Part 35: The Registrar of Companies – Directive 2003/58/EC (which amends Council Directive 68/151/EEC as regards disclosure requirements in respect of certain types of companies)
1742. Various provisions within Part 35 of the Act serve to implement Directive 2003/58/EEC, which amends section I of the First Company Law Directive (68/151/EEC), primarily to enable companies to register certain documents electronically and searchers to access them electronically.
1743. Section I of the First Company Law Directive requires that basic company documents be disclosed via filing with a company registry, and by publication in the national gazette either of the full or partial text of the document or by reference to the document deposited in the company registry. It also requires that those documents be available for inspection. In addition, the First Company Law Directive specifies minimum information that companies must include on their letters and order forms. The First Company Law Directive assumes the use of paper documents.

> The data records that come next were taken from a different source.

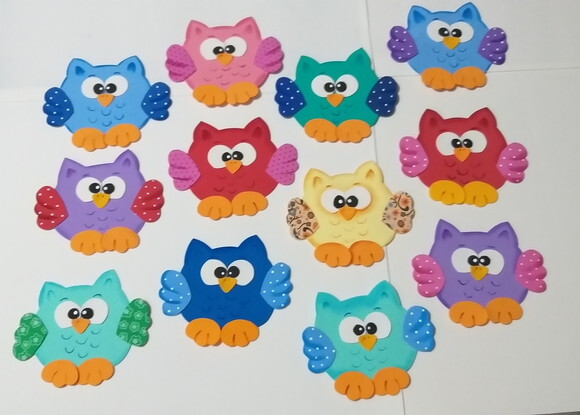 Corujas em Eva - Kit com 4 Unidades Coloridas.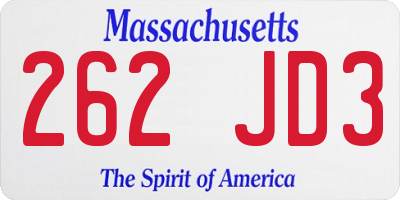 MA license plate 262JD3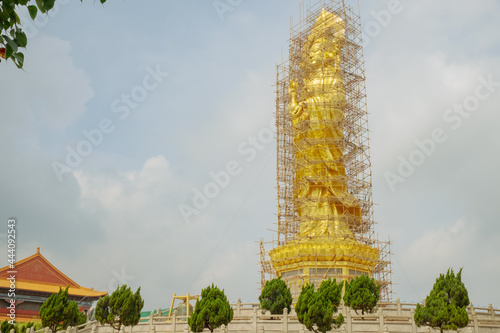 Guanyin Buddha statue under repair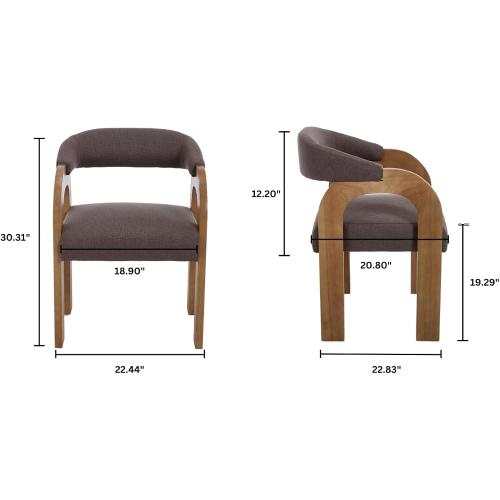 Farmhouse Dining Chairs Set of 2 - Upholstered Armchairs with Linen Cushions & Curved Wooden Arms, Barrel Wood Kitchen Chairs for Dining Room/Cafe/Kitchen Island (Espresso Brown)
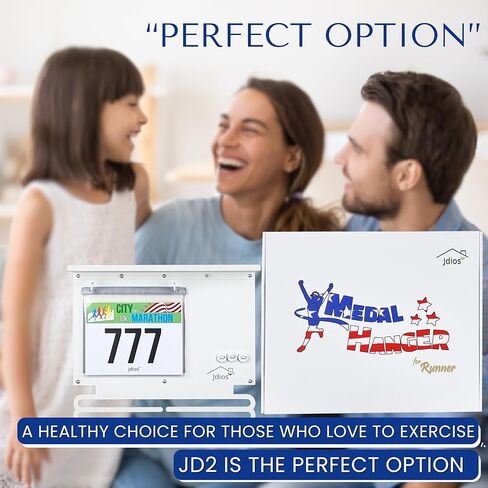 عرض مريلة السباق وشماعة الميداليات مع رف جوائز مقاس 15.7 بوصة، ولوحة عرض الصور - عرض لأكثر من 50 ميدالية وأكثر من 40 مريلة سباق - تتضمن 3 مغناطيسات للصور، و20 حامل صدرية، 2 د.أ أسود (أبيض) in Kuwait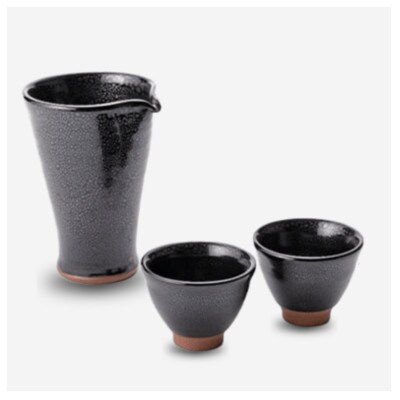 伝統工芸「新庄東山焼」油滴紋様・冷酒器セット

The amended directive reflects the use of information technology and electronic communications.
1744. In practice, the 1985 Act already allows the Registrar to accept electronic filing of all documents covered by the First Company Law Directive, although specific directions as to the form and manner of filing any particular document electronically have to be given by the Registrar. At present, the Registrar has mechanisms for the electronic filing of many of those documents.
1745. The 1985 Act also already allows the Registrar to keep documents in electronic form, and to provide for inspection by electronic means. Legislation is however necessary to impose formal obligations on the Registrar in relation to electronic filing, so as to transpose the amending Directive properly.
1746. Responsibility for the transposition of the amending Directive lies with the Secretary of State for Trade and Industry. The table below describes the substantive provisions in the Act which implement it.
Part 35: The Registrar of Companies
Article Objective Implementation
2. (Which amends Article 2.1(f) of the First Company Law Directive) requires certain accounting documents to be filed.
Part 35 of the Act contains the relevant filing requirements (which are restated from the current legislation).
3. (So far as it amends Article 3.2.) Company Registries must allow companies to file electronically all basic documents (those specified in Article 2 of the First Company Law Directive, and those to which Article 3 of the First Company Law Directive is applied by other legislation).
Section 1078 lists the documents which are now subject to the Directive disclosure requirements under Article 2 of the First Company Law Directive as amended.
Section 1068(5) provides that all such documents may be delivered to the Registrar in electronic form.
3. ( So far as it also amends Article 3.2.) Company Registries must allow requests for inspection of such documents to be made electronically.
Section 1089(2) provides that applications in respect of such documents may be submitted electronically.
3. ( So far as it also amends Article 3.2.) Company Registries must offer electronic copies of such documents to those inspecting the register (subject to a permitted derogation in respect of documents filed before 1 January 2007).
Section 1090(2) provides that copies of such documents must be provided in electronic form if the applicant so chooses (subject to section 1090(3) which takes advantage of the permitted derogation).
3. ( So far as it also amends Article 3.2.) Company Registries must keep all such documents (whether submitted electronically or in hard copy) in electronic form.
Section 1080(3) provides that information from such documents must be kept in electronic form.
3. ( So far as it amends Article 3.3) In the case of electronic copies, Company Registries need only provide certified copies if they are asked to do so. Member States need to take measures to ensure the authenticity of electronic certified copies.
Section 1091 contains provision about certifying copies and allows the Secretary of State to make regulations about how electronic copies are certified.
3. ( So far as it amends Article 3.4.) The option is provided to Members States of using an alternative to publication in the National Gazette as a means of publicising information received.
Section 1077 specifies that notices must be published either in the Gazette, or in accordance with section 1116. The latter section enables the Secretary of State to make regulations specifying alternative means of publication.
4. (Which inserts a new Article 3a.) This provides that, while documents must be submitted in a language permitted by the language rules of the member state in question, voluntary translations in other Community languages must also be accepted.
Sections 1106 and 1107 provide that companies may deliver certified translations of documents. The languages and types of document in respect of which this facility is available will be specified in regulations made by the Secretary of State, but subsection (3) of section 1106 provides that these regulations must as a minimum cover the documents subject to the directive disclosure requirements and the official languages of the EU.
5. (Which replaces the previous Article 4). This provides that certain information (already currently required on hard copy letters and order forms) must be stated in documents in any form and displayed on websites.
This will be implemented by regulations under section 82.
6. This provides that that there must be appropriate penalties for breach of new Articles 2(1)(f) and 4 of the First Company Law Directive.
See entries for new Articles 2(1)(f) and 4 above.